The Fordham Institute also gives the Georgia Science standards a grade of “B”, but a student can “pass” the 9th grade physical science EOCT by getting 45% of the answers correct. Do you think that indicates mastery of the subject matter?
Reality 2
March 27th, 2009
8:53 pm
Science Teacher,
ITBS (and NAEP) and CRCT are definitely apples and oranges – we can’t really replace one with the other. Someone may score 80 percentile on the ITBS, but it may not mean that s/he has mastered the state standards. If we are using a test to hold schools and teachers accountable for teaching the state standards, then we should be using the CRCT. Where to set the cut scores is also a totally different issue. You can have a perfectly good assessment instrument, but the cut scores may be set at inappropriate levels.
ScienceTeacher671
March 28th, 2009
9:26 am
Reality 2, I do understand the difference between criterion-referenced and norm-referenced tests, and it is an important difference.
My point is that the CRCTs are currently useless in determining whether or not state standards have been taught, as the cut scores are set so low. Since they don’t currently do what they are designed/purported to do, they are a waste of time and money. Yes, the problem could conceivably be easily solved by changing the cut scores, but politically that would be a huge problem as many more students would fail the tests.
Further, if our state standards are above average in reading and math, students who meet those standards should be performing above average on national assessments, not several years below grade level.
Reality 2
March 28th, 2009
3:48 pm
Quite frankly, I think they are both waste of time. However, from a policy (and perhaps educational) perspective, the CRCT is more important because we can only hold teachers accountable only for helping students master what the state standards require.
“Grade level” scores are very misleading because a 7th grader scoring “4th grade” doesn’t mean her/his reading is at the 4th grade level. They are just simply another way of labeling relative scores for the entire 7th graders used to normalize the scores.
ScienceTeacher671
March 29th, 2009
6:18 pm
Again, since the CRCT cut scores are set so low, passing it does not indicate mastery of anything.

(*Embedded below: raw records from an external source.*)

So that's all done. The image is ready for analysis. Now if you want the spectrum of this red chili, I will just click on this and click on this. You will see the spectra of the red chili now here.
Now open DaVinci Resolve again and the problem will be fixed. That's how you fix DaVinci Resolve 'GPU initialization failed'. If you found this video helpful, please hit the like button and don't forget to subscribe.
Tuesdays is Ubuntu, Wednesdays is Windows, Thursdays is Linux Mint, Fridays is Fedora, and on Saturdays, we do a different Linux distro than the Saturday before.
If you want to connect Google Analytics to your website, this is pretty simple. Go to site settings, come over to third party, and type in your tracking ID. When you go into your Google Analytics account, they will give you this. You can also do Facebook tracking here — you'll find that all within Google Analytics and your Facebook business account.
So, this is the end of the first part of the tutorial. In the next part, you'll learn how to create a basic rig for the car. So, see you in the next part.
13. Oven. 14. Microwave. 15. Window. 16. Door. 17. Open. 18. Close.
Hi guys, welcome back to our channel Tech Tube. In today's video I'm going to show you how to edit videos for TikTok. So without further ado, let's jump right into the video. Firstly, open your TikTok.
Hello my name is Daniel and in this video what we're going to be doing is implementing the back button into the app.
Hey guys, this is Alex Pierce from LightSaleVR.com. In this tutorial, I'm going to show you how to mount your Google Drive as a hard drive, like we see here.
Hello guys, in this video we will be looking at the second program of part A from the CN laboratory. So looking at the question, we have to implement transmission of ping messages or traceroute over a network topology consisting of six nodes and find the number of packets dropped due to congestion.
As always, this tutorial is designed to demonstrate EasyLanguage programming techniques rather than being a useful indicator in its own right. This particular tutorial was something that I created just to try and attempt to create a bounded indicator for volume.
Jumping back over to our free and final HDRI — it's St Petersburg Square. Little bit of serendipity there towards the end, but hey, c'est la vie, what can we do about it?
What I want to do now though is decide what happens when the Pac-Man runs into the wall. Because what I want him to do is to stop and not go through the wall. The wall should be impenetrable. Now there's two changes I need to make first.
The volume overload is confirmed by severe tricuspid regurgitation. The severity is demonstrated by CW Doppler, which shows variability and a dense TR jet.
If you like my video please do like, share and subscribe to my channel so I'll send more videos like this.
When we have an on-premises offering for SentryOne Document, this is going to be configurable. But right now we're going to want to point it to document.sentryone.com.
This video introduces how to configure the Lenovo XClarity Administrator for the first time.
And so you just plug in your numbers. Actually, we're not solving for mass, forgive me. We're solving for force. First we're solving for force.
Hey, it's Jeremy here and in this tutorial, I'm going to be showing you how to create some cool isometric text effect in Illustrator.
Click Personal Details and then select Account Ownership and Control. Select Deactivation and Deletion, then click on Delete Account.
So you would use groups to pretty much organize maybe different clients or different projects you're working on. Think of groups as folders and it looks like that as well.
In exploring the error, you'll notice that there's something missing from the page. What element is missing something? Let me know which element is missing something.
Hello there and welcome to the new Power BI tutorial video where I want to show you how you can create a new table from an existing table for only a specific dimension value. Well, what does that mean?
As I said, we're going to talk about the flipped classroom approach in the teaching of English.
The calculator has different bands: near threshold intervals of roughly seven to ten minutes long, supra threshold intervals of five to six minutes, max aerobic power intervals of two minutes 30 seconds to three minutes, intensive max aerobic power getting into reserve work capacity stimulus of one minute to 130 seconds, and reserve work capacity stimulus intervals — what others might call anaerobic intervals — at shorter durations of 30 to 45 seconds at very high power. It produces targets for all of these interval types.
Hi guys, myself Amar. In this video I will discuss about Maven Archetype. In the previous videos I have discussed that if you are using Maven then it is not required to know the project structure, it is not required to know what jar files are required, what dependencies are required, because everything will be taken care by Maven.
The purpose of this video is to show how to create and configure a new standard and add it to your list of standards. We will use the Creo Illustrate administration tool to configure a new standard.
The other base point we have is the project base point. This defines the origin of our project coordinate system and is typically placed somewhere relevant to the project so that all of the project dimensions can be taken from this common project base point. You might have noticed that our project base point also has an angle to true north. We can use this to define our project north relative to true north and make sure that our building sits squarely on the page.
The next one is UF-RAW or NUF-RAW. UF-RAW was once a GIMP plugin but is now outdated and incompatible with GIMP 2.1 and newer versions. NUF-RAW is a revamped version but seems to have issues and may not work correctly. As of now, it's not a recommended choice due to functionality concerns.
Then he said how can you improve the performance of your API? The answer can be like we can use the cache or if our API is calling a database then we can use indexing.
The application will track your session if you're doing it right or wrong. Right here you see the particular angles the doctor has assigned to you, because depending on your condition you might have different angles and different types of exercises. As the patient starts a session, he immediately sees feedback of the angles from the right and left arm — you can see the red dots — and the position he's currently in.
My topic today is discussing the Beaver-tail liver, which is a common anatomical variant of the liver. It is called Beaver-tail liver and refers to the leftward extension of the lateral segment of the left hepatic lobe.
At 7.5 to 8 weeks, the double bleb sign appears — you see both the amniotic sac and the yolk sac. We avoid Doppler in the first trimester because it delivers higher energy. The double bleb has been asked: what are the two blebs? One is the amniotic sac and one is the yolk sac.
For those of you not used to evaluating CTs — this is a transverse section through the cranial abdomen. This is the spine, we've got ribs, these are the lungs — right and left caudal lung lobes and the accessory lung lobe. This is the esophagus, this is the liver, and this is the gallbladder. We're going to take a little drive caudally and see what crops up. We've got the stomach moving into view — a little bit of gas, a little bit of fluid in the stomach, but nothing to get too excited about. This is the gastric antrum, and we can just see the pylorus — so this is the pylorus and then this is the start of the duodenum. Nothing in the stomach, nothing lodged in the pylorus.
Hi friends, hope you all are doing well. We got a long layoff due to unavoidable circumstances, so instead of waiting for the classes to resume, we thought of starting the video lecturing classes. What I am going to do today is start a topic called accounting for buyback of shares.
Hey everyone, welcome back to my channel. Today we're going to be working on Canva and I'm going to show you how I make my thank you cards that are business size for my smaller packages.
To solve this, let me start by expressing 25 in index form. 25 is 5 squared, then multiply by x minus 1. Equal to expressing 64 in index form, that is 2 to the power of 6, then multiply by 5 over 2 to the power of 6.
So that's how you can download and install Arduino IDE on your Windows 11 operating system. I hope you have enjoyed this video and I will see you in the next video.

Yes, grade level scores are relative things, but again, if our standards are set appropriately and our students are mastering those standards, their performance should not be so far below average.
ScienceTeacher671
March 30th, 2009
6:19 am
Again, our current CRCTs don’t test mastery, and our students are well below average on national tests.
Reality2
March 30th, 2009
12:22 pm
ScienceTeacher,
If the problem is the cut scores, you can’t say that the CRCT does not test/indicate mastery. They may – if students score 80% on the CRCT, that might be a reasonable indication of their mastery of the particular standards.
Whether or not a test measures mastery has nothing to do with how the test scores are used, i.e., setting up cut scores to determine who will be promoted and who will not.
ScienceTeacher671
March 30th, 2009
5:33 pm
Okay, Reality2, I’ll agree that the CRCT could conceivably be used to test mastery of the GPS.
However, in my experience, a student who merely “meets expectations” probably hasn’t actually mastered the relevant standards, while many of the students who “exceed expectations” probably have only minimally met the standards for that subject and grade level.
Sarah
April 1st, 2009
8:26 am
Wow! I think this is a great idea. I wish our system would cut back on the ITBS.